Tuesday, 25 June 2019

We're Back in the South Island- Blenheim; Part 1

Real-time

Our first night in the South Island was spent parked beside a vineyard, on the side of a river and all by ourselves. It was good to back.

Damfam Vineyard
But first we had to cross Cook Strait. It rained for much of the night and with a 9am sailing and 13kms to travel from Petone in the morning rush hour, we were pleased when we were ready to leave ahead of schedule. There was a moment of panic though when we found the exit gate at the Workingmen's Club locked. Luckily we were able to squeeze the rig around the sharp corner of the building and exit through the entry gate which was open. In typical Evans style we were first in the queue at the closed gate just before 7am. And first in line to board (although they took the row beside us first).


With a winter storm behind us and another one forecast ahead of us, I had picked a small window of calm weather to cross and thankfully my careful scanning of wind warnings and wave height predictions proved correct and we had a very smooth crossing even though it rained all the way. The mist hung low over the hills as we cruised down Queen Charlotte Sound and when I did venture outside just to check I wasn't missing anything, a pod of dolphins surfaced nearby and rode the wake for a short time! Great timing.

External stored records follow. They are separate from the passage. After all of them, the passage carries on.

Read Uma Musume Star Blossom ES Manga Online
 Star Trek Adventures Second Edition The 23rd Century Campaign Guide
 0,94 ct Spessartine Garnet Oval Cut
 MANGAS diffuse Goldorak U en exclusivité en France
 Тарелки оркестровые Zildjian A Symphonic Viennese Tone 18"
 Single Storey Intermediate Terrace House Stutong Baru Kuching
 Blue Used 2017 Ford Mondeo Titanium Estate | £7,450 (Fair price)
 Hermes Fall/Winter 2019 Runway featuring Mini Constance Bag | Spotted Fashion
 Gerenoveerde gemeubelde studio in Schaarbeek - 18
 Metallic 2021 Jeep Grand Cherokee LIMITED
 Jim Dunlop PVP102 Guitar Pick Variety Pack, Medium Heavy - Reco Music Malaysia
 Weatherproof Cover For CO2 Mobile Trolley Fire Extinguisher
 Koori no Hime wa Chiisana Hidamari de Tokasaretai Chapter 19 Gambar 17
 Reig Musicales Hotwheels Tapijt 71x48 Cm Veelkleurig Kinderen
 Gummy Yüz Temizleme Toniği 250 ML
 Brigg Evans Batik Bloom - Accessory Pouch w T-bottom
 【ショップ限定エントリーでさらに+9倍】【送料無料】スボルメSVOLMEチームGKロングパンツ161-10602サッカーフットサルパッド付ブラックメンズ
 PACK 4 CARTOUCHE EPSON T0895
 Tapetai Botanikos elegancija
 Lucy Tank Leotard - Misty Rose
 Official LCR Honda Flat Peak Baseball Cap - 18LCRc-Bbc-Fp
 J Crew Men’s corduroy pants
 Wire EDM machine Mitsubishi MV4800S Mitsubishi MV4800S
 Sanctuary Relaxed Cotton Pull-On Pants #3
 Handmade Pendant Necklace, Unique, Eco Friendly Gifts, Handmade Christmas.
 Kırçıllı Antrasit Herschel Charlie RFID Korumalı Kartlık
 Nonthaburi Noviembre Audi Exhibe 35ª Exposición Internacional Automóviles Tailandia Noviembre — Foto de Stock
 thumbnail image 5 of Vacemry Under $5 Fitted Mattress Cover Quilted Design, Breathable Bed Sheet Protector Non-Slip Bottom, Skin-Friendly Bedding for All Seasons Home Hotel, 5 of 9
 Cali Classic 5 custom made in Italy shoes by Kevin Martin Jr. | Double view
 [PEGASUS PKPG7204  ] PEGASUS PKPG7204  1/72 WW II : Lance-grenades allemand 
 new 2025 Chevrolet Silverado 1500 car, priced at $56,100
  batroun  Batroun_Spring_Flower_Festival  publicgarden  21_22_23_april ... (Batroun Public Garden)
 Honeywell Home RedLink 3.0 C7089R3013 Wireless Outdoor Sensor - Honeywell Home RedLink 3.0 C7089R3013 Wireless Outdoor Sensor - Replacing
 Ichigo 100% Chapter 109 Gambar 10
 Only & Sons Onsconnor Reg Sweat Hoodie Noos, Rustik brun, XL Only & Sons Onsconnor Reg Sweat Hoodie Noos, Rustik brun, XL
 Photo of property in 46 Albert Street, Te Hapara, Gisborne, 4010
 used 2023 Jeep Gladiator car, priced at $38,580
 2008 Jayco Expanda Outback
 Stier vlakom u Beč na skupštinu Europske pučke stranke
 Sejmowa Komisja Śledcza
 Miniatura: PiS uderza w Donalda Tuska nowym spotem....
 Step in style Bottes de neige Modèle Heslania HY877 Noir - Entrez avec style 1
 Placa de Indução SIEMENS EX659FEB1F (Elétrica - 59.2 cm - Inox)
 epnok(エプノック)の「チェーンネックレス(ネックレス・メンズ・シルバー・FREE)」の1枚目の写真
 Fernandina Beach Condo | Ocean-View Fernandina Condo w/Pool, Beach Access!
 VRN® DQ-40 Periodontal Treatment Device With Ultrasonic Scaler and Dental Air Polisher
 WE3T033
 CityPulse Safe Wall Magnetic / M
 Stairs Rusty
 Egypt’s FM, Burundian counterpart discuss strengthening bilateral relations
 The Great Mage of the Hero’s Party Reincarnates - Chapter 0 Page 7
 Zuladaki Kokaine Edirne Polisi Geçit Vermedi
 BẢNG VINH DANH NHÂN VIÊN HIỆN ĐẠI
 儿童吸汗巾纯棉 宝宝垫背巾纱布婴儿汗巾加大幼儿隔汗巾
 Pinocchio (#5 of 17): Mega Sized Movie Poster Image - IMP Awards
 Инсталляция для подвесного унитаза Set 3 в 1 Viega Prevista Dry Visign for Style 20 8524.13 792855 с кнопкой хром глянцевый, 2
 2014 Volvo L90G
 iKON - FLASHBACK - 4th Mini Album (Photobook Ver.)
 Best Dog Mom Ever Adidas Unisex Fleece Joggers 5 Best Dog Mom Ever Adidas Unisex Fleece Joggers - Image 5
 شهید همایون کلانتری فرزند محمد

We took the Interislander Lounge Plus option ($45pp) for the second time, which we're finding is a great way to travel. All food & drink is free (we had breakfast, morning tea & lunch), there's a comfy lounge, free wifi and no children. The cost is not much more than we'd spend anyway because we usually purchase breakfast and a coffee.


From Picton we drove the short distance to Damfam Vineyard (CAP #7011) on the banks of  Wairau River near Blenheim. 


We were the only ones staying and it was a lovely peaceful start to our South Island travels. The cooler morning temperatures also reminded us of the cold winter ahead.


 I was also pleased to be back 'Out There' in the open shooting magnificent sunsets again.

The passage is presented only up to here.